In our increasingly leader-centric politics, it’s too easy to blame the leader when things go wrong. Turfing Scheer now might bring a smile to the faces of would-be successors waiting in the wings, but it also carries risks.

First-time leaders and their teams invariably make first-time mistakes. If they’re smart and adaptable, those first-timers learn their lessons and come back much stronger the next time. Removing Scheer would give the Conservative Party…wait for it…another first-time leader just itching to repeat the same learning process Scheer and his team have just gone through.

There is additional risk in choosing a new leader that should not be underestimated — choosing the wrong leader. Think Stéphane Dion and Michael Ignatieff. In choosing Scheer in 2017, the party dodged a huge problem, the election of Maxime Bernier as leader. Party members angry at Scheer’s recent performance might consider where they would be today had Bernier led the party in the recent election.

The party’s near miss with Bernier also shows how dangerously fragile the party’s leadership- selection process is. It shows how susceptible it is to unrestrained and dodgy membership-selling — not to build the party but to hijack it as a vanity project, to pursue a particular ideological niche, or to impose a particular set of moral views on society.
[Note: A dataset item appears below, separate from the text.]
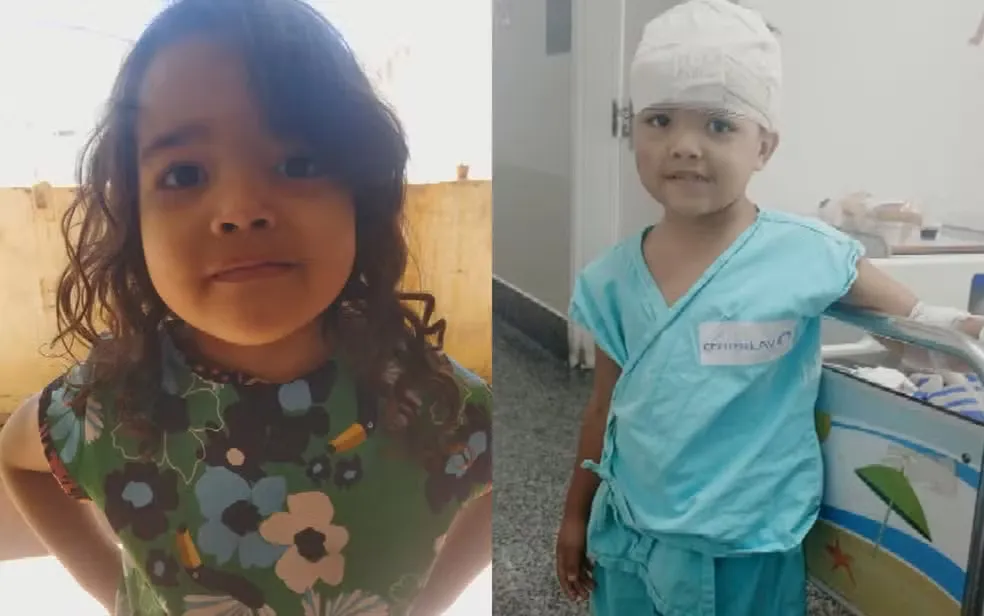 A menina Evellyn Catheryne, de 4 anos, foi atacada por um pit bull dentro de casa, em Goiânia — Foto: Reprodução/TV Anhanguera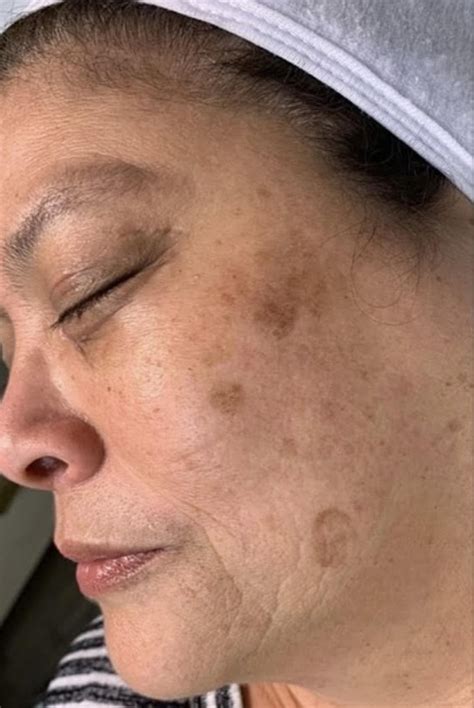 Hyperpigmentation Correction Archives - The Glow Clinic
Learning from the mistakes of 2019 and creating a better strategy for the next election starts with analyzing the results of October 21. Scheer did reduce the Trudeau majority to a minority, gained 19 new seats and polled an additional 540,000 votes over the 2015 election results. Forcing the majority Trudeau government into a minority is no small feat, but a closer look at the numbers reveals the extent to which Scheer and the Conservative Party’s platform did not inspire Canadians.

While no vote should ever be characterized as wasted, the additional support the Conservatives earned on the Prairies masks their epic fail in Quebec, Ontario and the cities. Quebec and Ontario yielded only one more seat than the party won in 2015, and they were virtually shut out in urban areas. In 47 of the 55 ridings in the Greater Toronto Area, they polled fewer votes in 2019 than in 2015.
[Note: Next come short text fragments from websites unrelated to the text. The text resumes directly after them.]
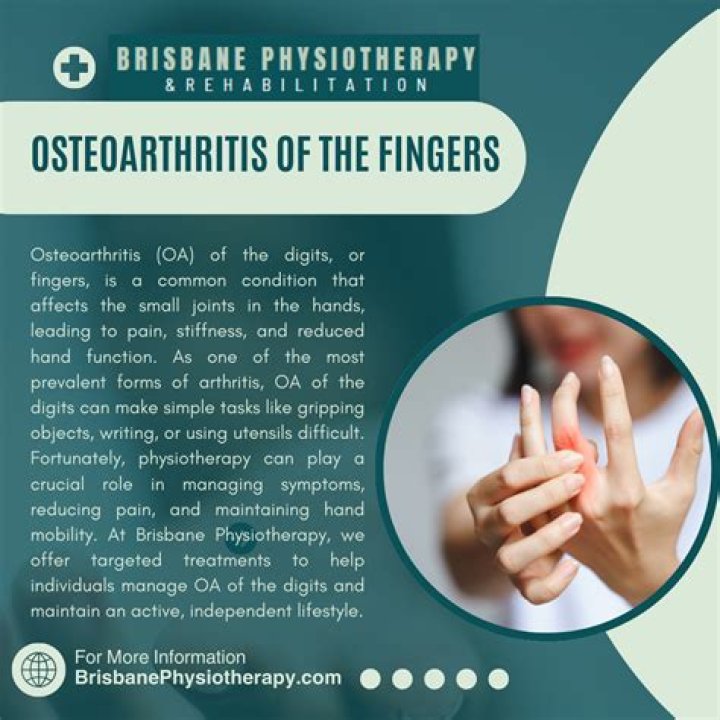 Can a rheumatologist help with osteoarthritis?
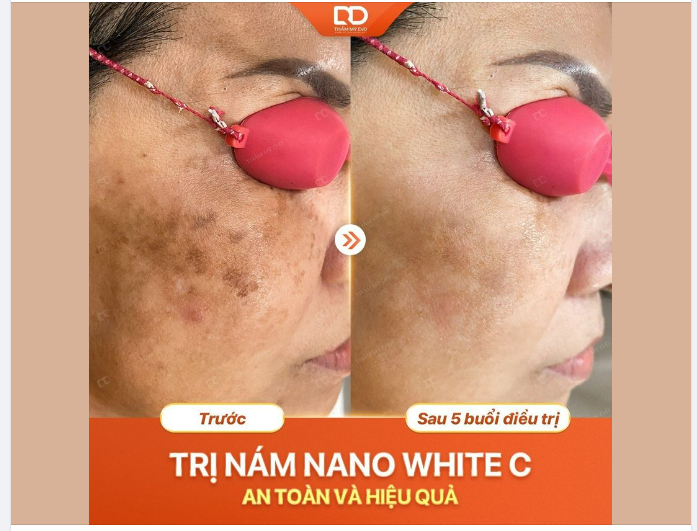 TRỊ NÁM NANO WHITE C AN TOÀN - HIỆU QUẢ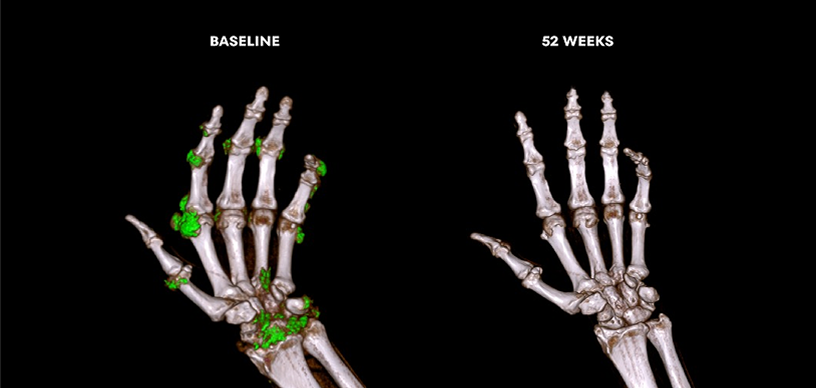 DECT scan showing uric acid buildup in hands at baseline and 52 weeks into treatment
Scheer has promised a personal listening tour to obtain the views of party members, and to conduct a thorough post-mortem on the campaign conducted by former Stephen Harper minister John Baird. These are essential first steps toward learning from the mistakes of 2019 and preparing for the future. The campaign review is what Harper did after the 2005 election when he reduced the Paul Martin government to a minority. As Harper’s was, this exercise must be comprehensive; it must address all aspects of the campaign: strategy (national and regional), platform, advertising, polling, leader’s tour, debates, voter identification, and the effectiveness of the party’s get-out-the-vote process.

The leader’s performance must be part of this evaluation, but Scheer’s critics must not be allowed to make it only about him. The recent campaign offers many reasons why the party and its members must also look unflinchingly in the mirror and do some serious soul-searching.

The first question party members should address in the post-mortem is whether they want to win the next election or whether they will be satisfied with another “moral victory.” Winning next time will require a completely new strategy and platform. In meeting those challenges, two issues need urgent attention — messaging on “hot button” social issues, and the creation of a much more modern and appealing platform.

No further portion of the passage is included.